*Try it*: Exactly reproduce the lines from the one containing "Sea Water Waves Break on Rocks" through the last line of the data, both ends included, leaving out pictures.

*Provided material*:
——
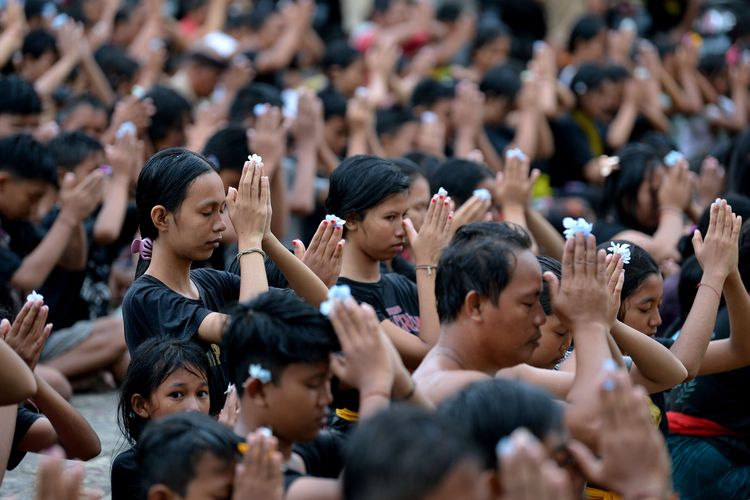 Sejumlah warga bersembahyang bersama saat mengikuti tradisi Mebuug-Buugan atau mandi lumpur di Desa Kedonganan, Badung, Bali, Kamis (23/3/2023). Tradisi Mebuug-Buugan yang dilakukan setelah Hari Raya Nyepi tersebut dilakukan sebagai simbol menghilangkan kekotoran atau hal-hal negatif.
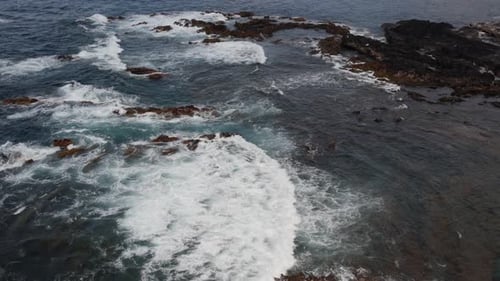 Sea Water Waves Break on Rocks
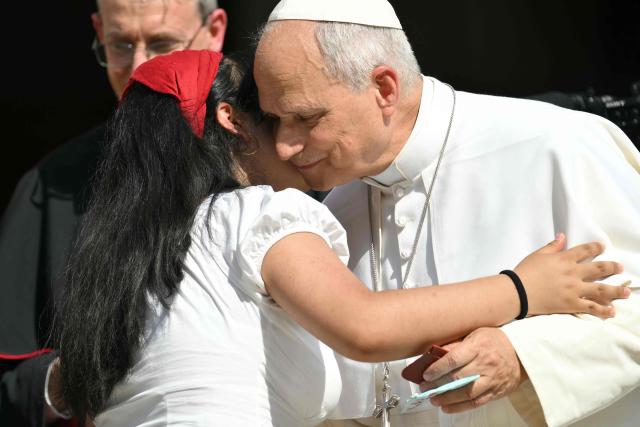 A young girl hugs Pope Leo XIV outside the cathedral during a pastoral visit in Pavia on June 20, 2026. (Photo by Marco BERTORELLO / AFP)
——
*Output of the task*:
 Sea Water Waves Break on Rocks
 A young girl hugs Pope Leo XIV outside the cathedral during a pastoral visit in Pavia on June 20, 2026. (Photo by Marco BERTORELLO / AFP)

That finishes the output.